■ **REQUIRED WORK**
Taking the line with "Multi-functional Kids Steering" as the first and the last line of the listing as the final one, please copy exactly those lines and no others, without pictures.

■ **DATA EXCERPT**
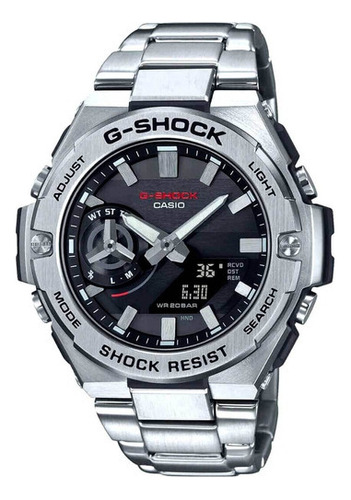 Relógio Casio G-shock Gst-b500d-1adr *bluetooth Tough Solar Cor da correia Prateado Cor do bisel Prateado Cor do fundo Preto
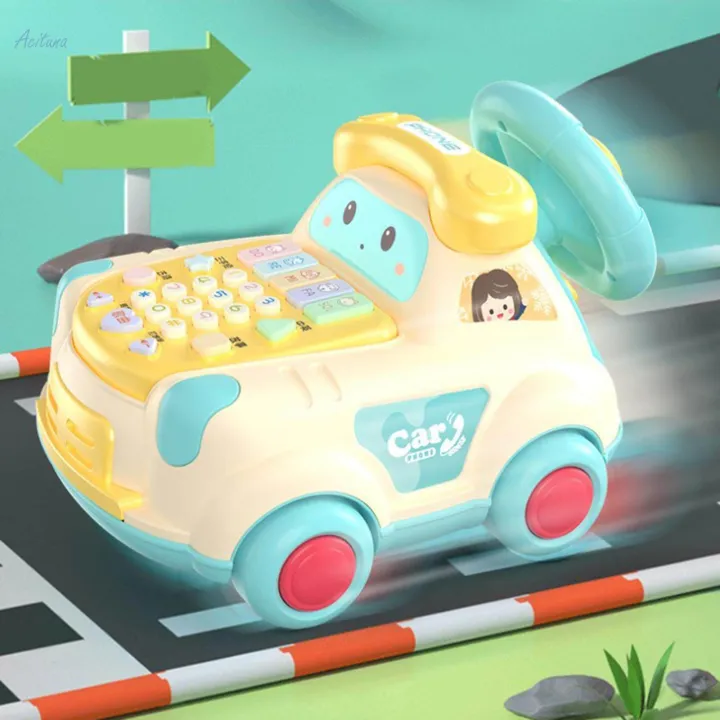 Multi-functional Kids Steering Musical Telephone Car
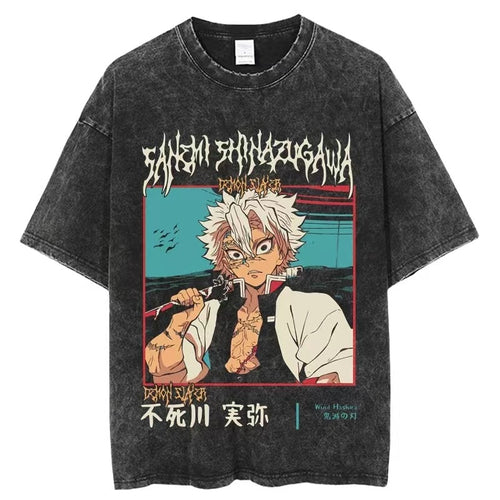 Load image into Gallery viewer, Vintage Washed Tshirts Anime T Shirt Harajuku Oversize Tee Cotton fashion Streetwear unisex topv1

■ **YOUR RESPONSE**
 Multi-functional Kids Steering Musical Telephone Car
 Load image into Gallery viewer, Vintage Washed Tshirts Anime T Shirt Harajuku Oversize Tee Cotton fashion Streetwear unisex topv1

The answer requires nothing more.